The 24’s, as they’re called, are mandatory and a welcome reset for the weary teams. They can be taken at any checkpoint, although it makes the most sense somewhere near the middle of the race. Many Iditarod mushers opt to take their 24 in this village of about 50 people, at race mile 329, due to the outsized amenities it provides.

Number one is the legendary food: Hamburgers, soup, stew, enchiladas, pancakes, sausage, scrambled eggs and a revolving variety of homemade pies are all on the menu. The pies alone include cherry, banana cream, apple and more.

Plus, there’s plenty of room inside to sleep and dry clothes and a wood-fired boiler outside near the dog lot providing hot water.

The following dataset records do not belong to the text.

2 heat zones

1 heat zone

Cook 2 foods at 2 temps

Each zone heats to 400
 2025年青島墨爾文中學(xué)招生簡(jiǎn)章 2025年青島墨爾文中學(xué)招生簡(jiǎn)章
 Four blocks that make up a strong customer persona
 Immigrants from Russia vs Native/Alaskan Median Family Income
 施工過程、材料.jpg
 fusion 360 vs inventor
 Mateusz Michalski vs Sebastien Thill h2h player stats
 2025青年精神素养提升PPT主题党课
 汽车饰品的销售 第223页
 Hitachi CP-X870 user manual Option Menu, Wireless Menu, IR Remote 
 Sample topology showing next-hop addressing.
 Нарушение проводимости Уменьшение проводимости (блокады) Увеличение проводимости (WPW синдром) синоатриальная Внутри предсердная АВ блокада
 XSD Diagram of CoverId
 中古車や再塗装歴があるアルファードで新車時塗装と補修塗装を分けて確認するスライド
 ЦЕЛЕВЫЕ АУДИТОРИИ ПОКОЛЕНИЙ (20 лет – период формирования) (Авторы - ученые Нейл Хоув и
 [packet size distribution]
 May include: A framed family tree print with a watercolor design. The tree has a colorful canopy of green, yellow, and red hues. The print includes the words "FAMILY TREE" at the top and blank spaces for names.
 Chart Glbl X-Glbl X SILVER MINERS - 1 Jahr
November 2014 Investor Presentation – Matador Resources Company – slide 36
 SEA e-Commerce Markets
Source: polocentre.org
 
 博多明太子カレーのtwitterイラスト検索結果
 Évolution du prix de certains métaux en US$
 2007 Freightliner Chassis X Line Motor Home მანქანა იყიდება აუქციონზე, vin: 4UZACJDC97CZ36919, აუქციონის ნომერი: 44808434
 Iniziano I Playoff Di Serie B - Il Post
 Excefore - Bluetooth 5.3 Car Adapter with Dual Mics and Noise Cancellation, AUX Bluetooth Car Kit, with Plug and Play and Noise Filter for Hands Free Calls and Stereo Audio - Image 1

“It’s been said a lot of times before, but the better I can take care of myself, the better I can take care of the dogs,” Bethel musher Pete Kaiser said Wednesday while on his 24-hour break in Takotna. “There’s also hot water for the dogs ready to go, so that saves a lot of time not having to melt snow.”

dogs under blankets
Dogs in musher Amanda Otto’s team rest in Takotna on a 24-hour break. (Casey Grove/Alaska Public Media)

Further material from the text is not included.